From left: Cradle Fund investment vice presidents Xelia Tong and Azman Hood, CEO Nazrin Hassan, and VLT Labs directors Izwan Ismail and Andrew Tan.

January 22, 2016:
Malaysia’s early-stage technology startup influencer Cradle Fund Sdn Bhd has forged a strategic partnership with VLT Labs, a startup studio that enables founders to build their business.

The partnership aims to enhance the Cradle Fund’s grant-provision initiative, Cradle Investment Programme (CIP).

VLT Labs will be the service provider for the business and products design and development for startups that get Cradle’s CIP grants.

Cradle Fund investment vice president Xelia Tong said, VLT Labs’ expertise in helping early-stage startups materialise their ideas will better push the grant recipients towards commercialisation.

“When we fund these ideas, we provide the funding, but we don’t come with the technical know-how; we need strong partners like VLT to come in for that,” she told a press briefing.

“We may sometimes take a long time to understand what the startups want to do, and that understanding is very important for us,” she added.

She noted that even those applicants who did not get the grant initially could go to VLT Labs who can potentially understand their ideas and requirements better, and then build a strong MVP (minimum viable product) that could win them a grant under the CIP programme.

On an average, Tong said, about 80 startups walk through Cradle’s door each month to seek funding.

Cradle will channel startups that need help in forming their MVP or team to VLT Labs, and VLT Labs will help startups looking for grant funding to Cradle.

Cradle chief executive officer Nazrin Hassan commented that the partnership will provide a more effective approach in building and helping entrepreneurs make it in the market.

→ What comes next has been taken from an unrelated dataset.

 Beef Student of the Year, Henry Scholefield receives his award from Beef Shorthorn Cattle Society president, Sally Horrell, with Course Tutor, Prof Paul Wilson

“There is assurance that the entrepreneurs will get the best of service in both quality and turnaround time while Cradle on the other hand, gets to see more of successfully completed and commercialised ideas from the companies that we invest in,” he said.

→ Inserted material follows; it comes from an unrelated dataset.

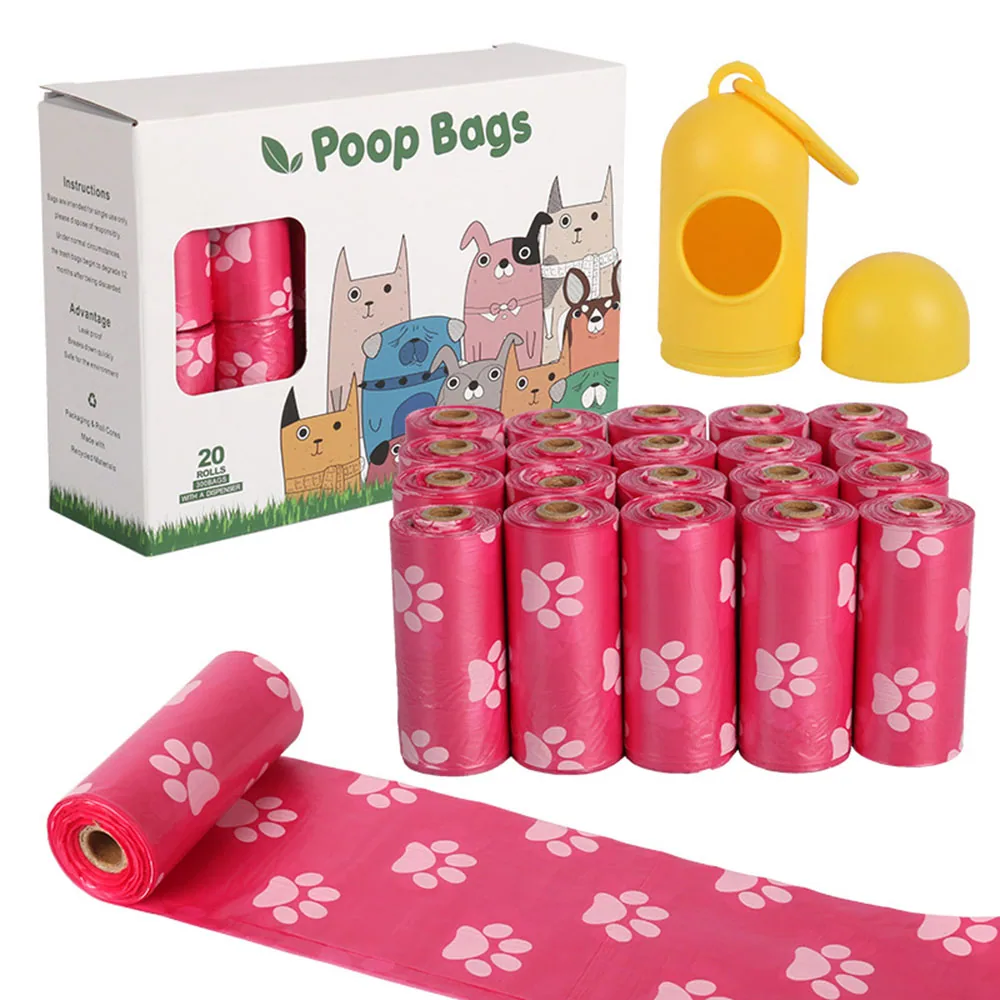 Box of pink dog waste bags with paw print pattern, unrolled sheet, and yellow dispenser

Founded in 2012, VLT Labs has built over 40 startups including Hello Roaming, an online shop for travelers to purchase local SIM cards of their travel destinations, and virtual assistant service Supahands designed to help busy individuals and businesses get their tasks done.

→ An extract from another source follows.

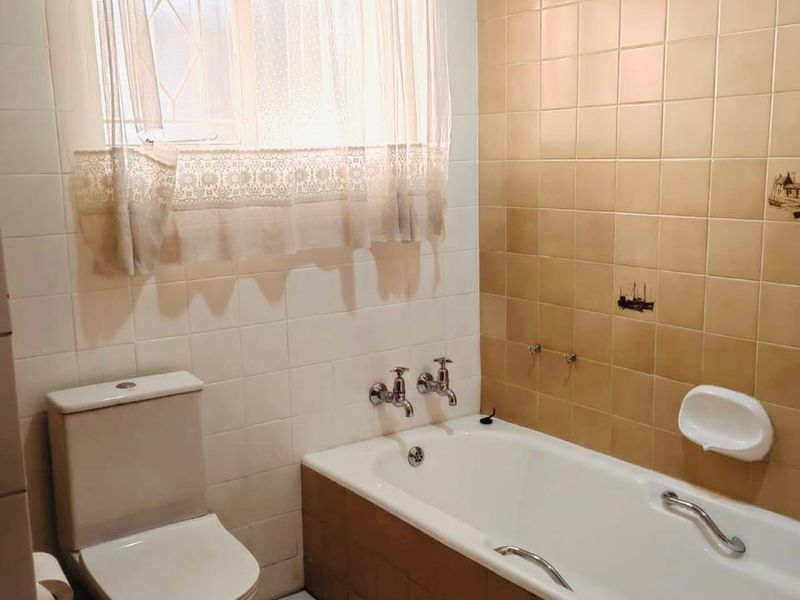 A functional bathroom featuring a bathtub, toilet, and tiled finishes. The space is well-maintained but features dated decor and tiling.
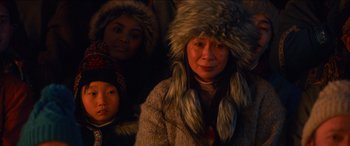 Movie still from “Noelle” (2019), directed by Marc Lawrence – A group of people wearing furry hats and coats; Close Up shot, High angle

Director co-founder and director of design and user experience Izwan Ismail said, partnering with Cradle and leveraging their platform will enable VLT Labs to better align its efforts in propelling the Malaysian startup ecosystem further.

“Having learnt from every startup that we have helped build, we considered that we could share our experience with Cradle entrepreneurs in a more structured and regular manner and possibly partner with a few of them to launch their startups,” he said.

While VLT Labs does invest in some startups it assists, director Andrew Tan emphasised that the firm’s value-add is in providing design and development services to the startups, such as realising their product and forming a founding team.

“In some cases, we only charge a service fee. We do invest in some of the startups, and we do take a stake, but there is no hard and fast rule for this,” he said.

VLT Labs prefers to pick a stake in the startups it helps build but is clear that it does not function as a capital-provider primarily.

“Our value-add is our services; some (venture firms) are better at capital provision, but we are better at services we can provide to the startups. So when startups come to us for capital, we recommend they look for other players who are more equipped in that area,” he explained.

VLT Labs does not manage funds, and investments into its startups are primarily angel investments from the directors.